Understanding Relational Database Normalization
In a nutshell, building a "good" optimized, relational database is mostly about normalization. Once you understand the basic principles of normalization, SQL Server should be able to manage your data more efficiently, the applications you write should be able to return data more efficiently, and you'll find it a lot easier to protect your database's data and relational integrity.
So, what is "normalization" and how does it help performance and all that other good stuff? Well, normalization is simply the set of relational database techniques developed to efficiently organize the information you want to manage in a relational database. The academics talk about (at least) five "normal forms," but most database designers stick to the first three forms and seldom go further. The benefit of implementing further levels is usually not that great when compared to the costs—especially in smaller databases.
Here are basic tenants of the first three normal forms.
Don't define duplicate columns in the same table. Each column in a table should contain "different" information. This does not mean avoiding use of identical column names (that's prohibited by the SQL engine), but it does mean that any two columns should not store basically the same information. For example, don't create a table with two or more addresses for a customer (such as a home and business address), as shown in Figure 3.1. The solution to this problem is best implemented by the second normal form.
Figure 3.1 Unnormalized Customers table.
All attributes (columns) in a table that are not dependent on the primary key must be eliminated. This means you need to create a separate table for each logical group of data and identify each row with a unique set of columns (its own primary key). In this case, create a separate Addresses table and connect the two tables together with their primary keys, as shown in Figure 3.2.

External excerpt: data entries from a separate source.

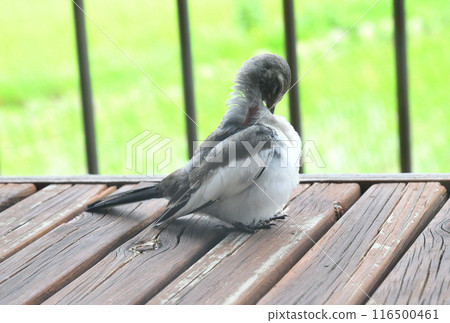 The young bird of the cabbage 116500461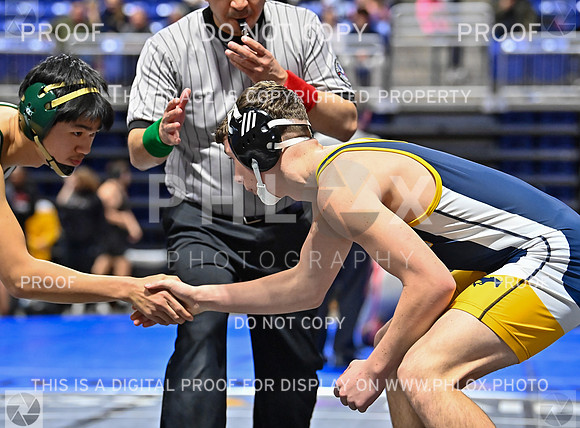 DLS_7025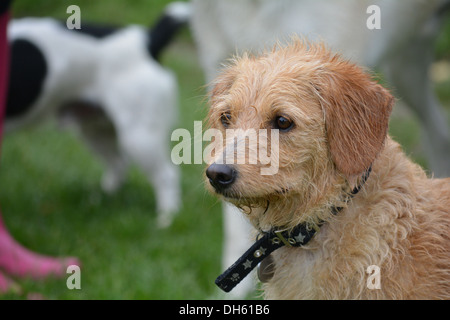 Nassem Hund nach dem Schwimmen im See. Stockfoto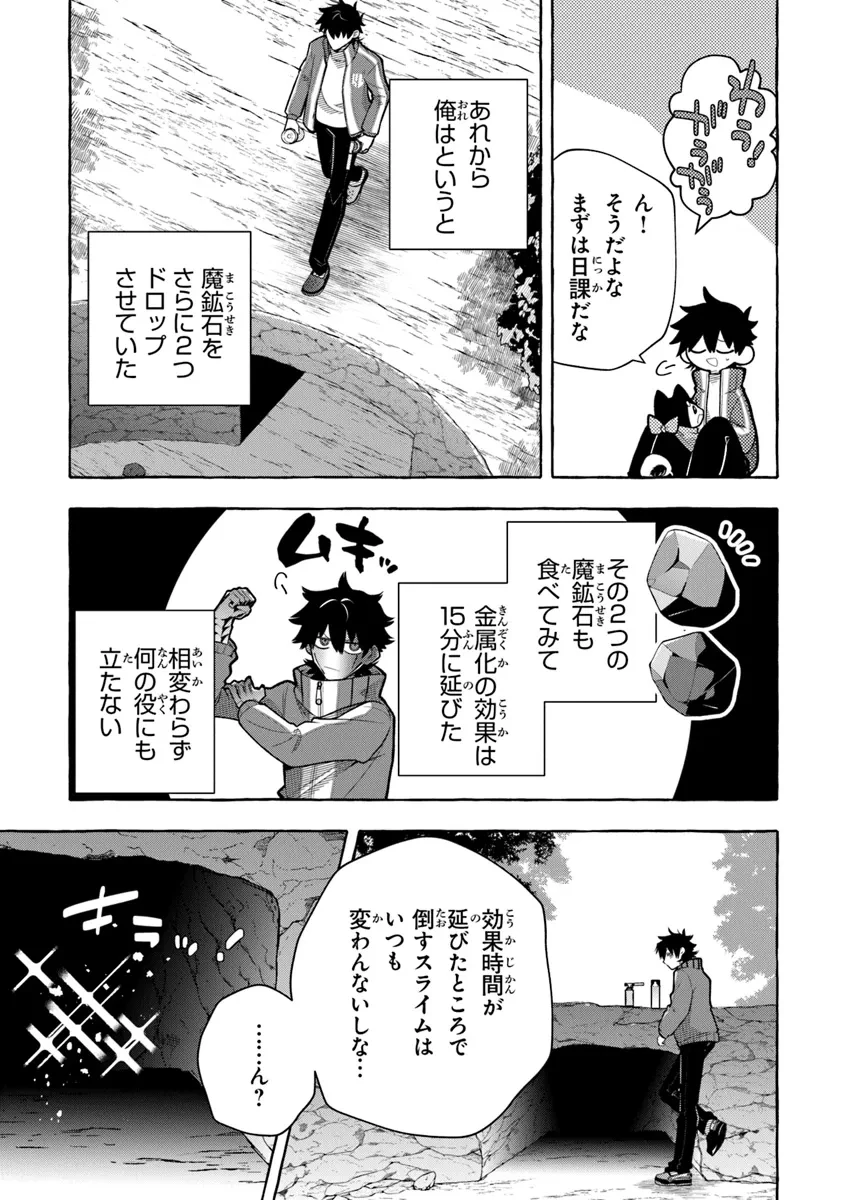 金属スライムを倒しまくった俺が【黒鋼の王】と呼ばれるまで ～家の庭で極小ダンジョンを見つけました～ 第6話 - 5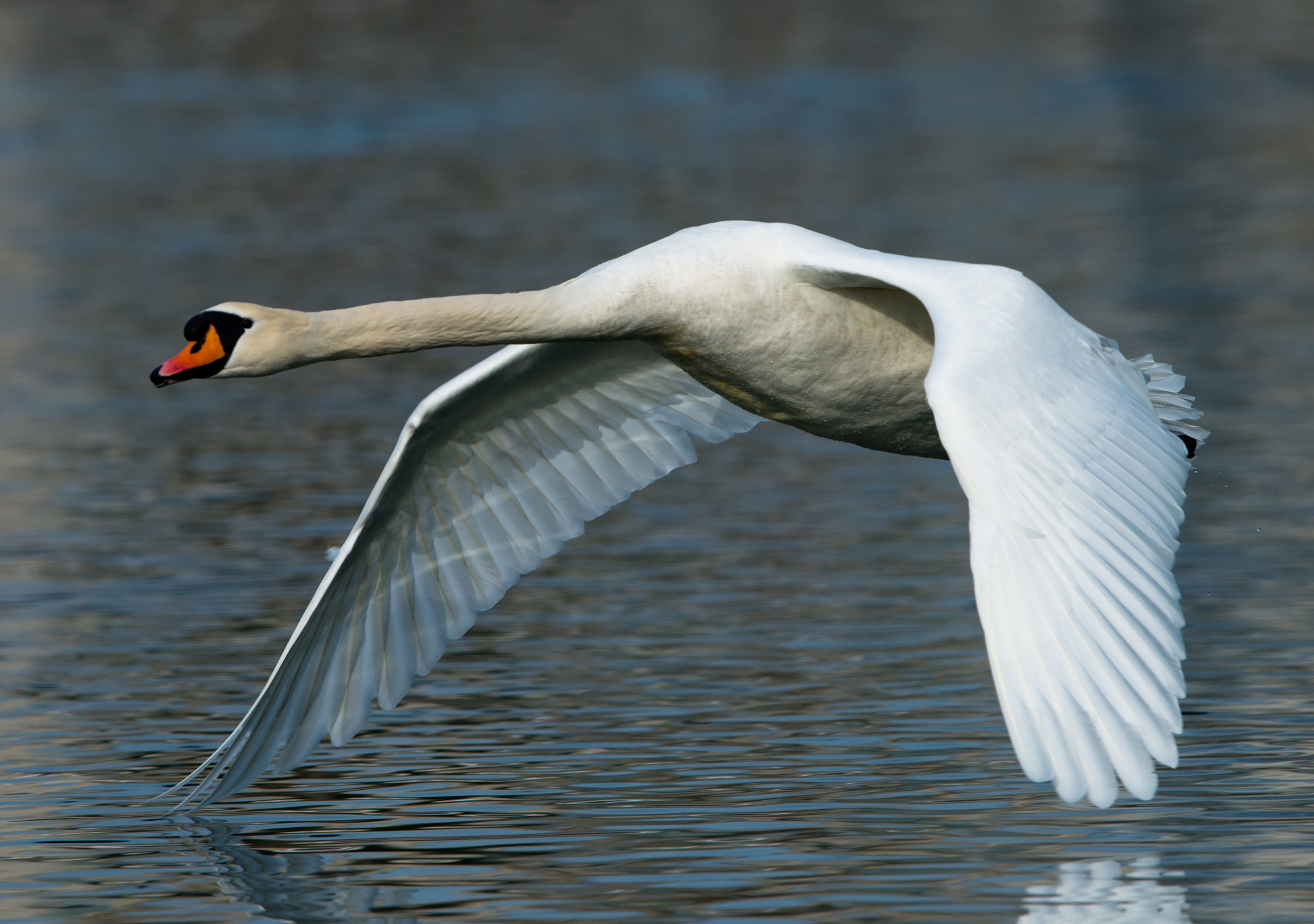 Nikon D800 + Nikon AF-S Nikkor 600mm F4G ED VR sample photo. Dsc photography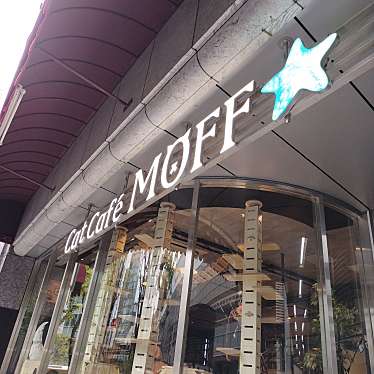 実際訪問したユーザーが直接撮影して投稿した神田花岡町テーマカフェねこCAFE MOFFの写真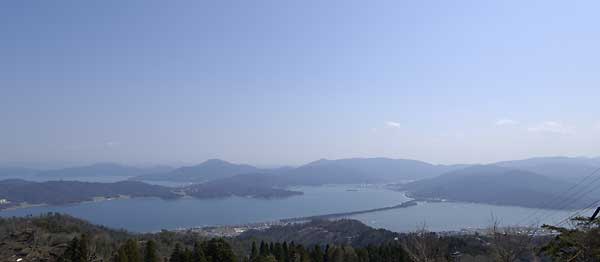 成相寺タブノキ6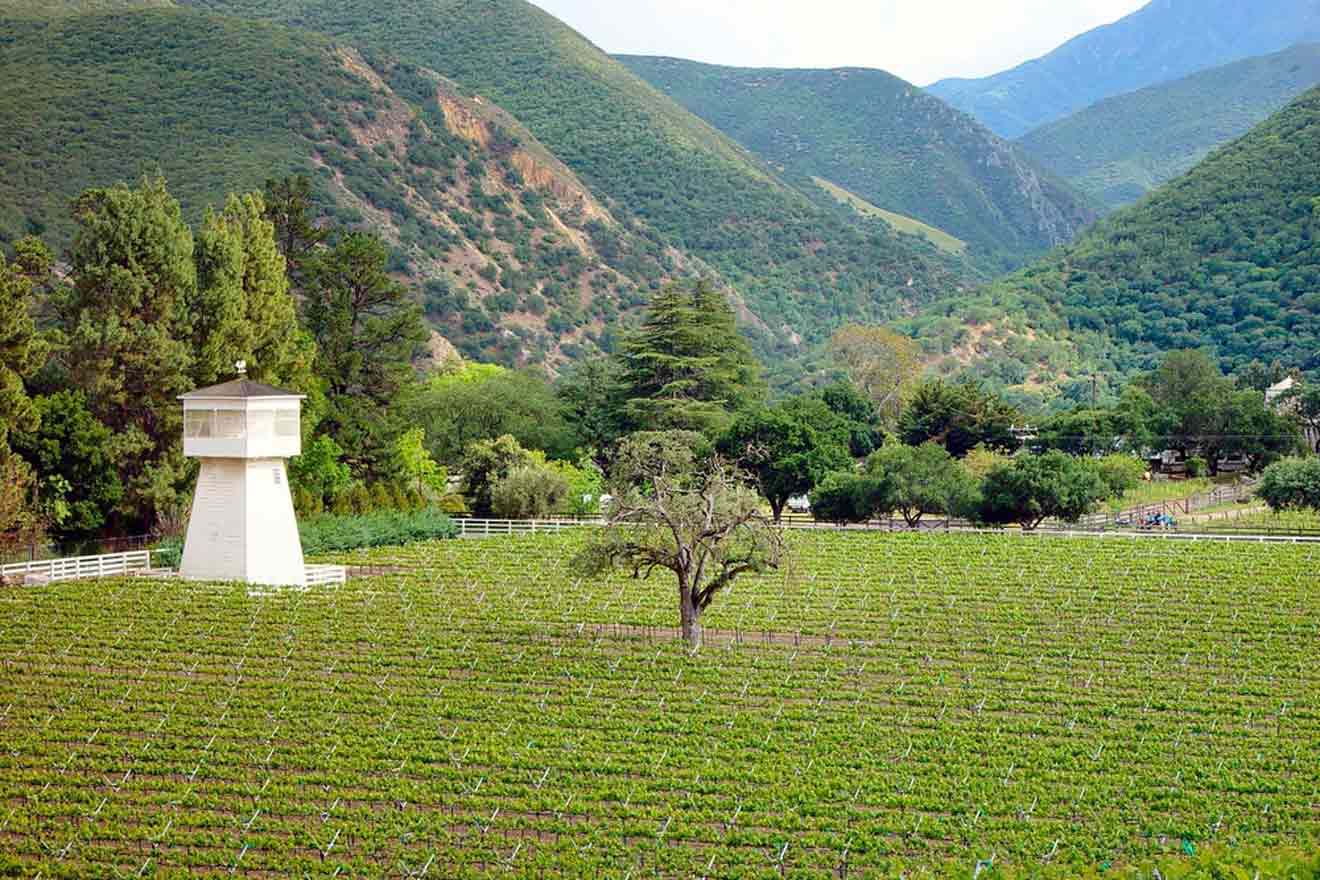 a vinyard with trees in the background and a structure in the middle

Figure 3.2 Normalized Customers and Addresses tables.
- Third normal: Tables cannot include duplicate information. For example, if two tables require a common field, a separate table should be created to manage that column. Our basic design already conforms to the third normal form. However, as an example, take a look at the Biblio database. In this case, I created a TitleAuthor table that contains fields common to the Titles and Authors table.
No, this is not an in-depth discussion of normalization or relational theory, but it's enough to get you started. It's also important to know that many database developers bend these rules from time to time to get more efficiency out of their databases. Sometimes, they add a bit more detail for an entity in a parent table, so it's not always necessary to JOIN to another table just to get one or two bits of information. Yes, these changes mean that the data must be kept current in two different tables, and if someone else comes along and does not realize what's going on....
Understand as well that stored procedures or object-based approaches can (and do) help resolve these issues. By blocking direct access to base tables, developers can write server-side code to dereference the data in the base tables and get away with some tactics that would cause quite a bit of trouble if direct table access were permitted.
Once you have decided what tables you need, you need to use one of the SQL Server or Visual Studio tools to create them (as I illustrate in Chapter 4, "Getting Started with Visual Studio"). But before doing that, I often draw these tables on a whiteboard, which makes it easier to "see" how the data is to be stored and how the tables are related. In Visual Studio, you can use the database diagramming tool to help at this phase, and the ink does not stain your fingers as much.